Wien/Österreich, 03.02.2014/APD   Emelyn (47) besaß vor dem Taifun „Haiyan“ drei kleine Fischerboote. Damit konnte ihre Familie gut überleben. Doch nun sind die Boote kaputt, und das Einkommen fehlt. So ergeht es vielen Fischern auf den Philippinen.

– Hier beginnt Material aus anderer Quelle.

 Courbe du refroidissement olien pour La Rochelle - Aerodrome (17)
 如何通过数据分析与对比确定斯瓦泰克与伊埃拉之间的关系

In den kommenden Monaten will deshalb die Adventistische Entwicklungs- und Katastrophenhilfe ADRA Österreich gemeinsam mit ADRA Philippinen und anderen Partnern 1.716 Fischerfamilien (insgesamt 8.580 Personen) in der Iloilo Provinz wieder zu einem Einkommen verhelfen. 372 Boote sollen gebaut oder repariert, 744 Fischernetze neu geknüpft, 265 Haushalte in alternativen Einkommenstechniken ausgebildet werden. Außerdem würden in 34 Barangays (Bezirke) Verantwortliche an einem Krisenpräventionstraining teilnehmen, teilte ADRA Österreich mit.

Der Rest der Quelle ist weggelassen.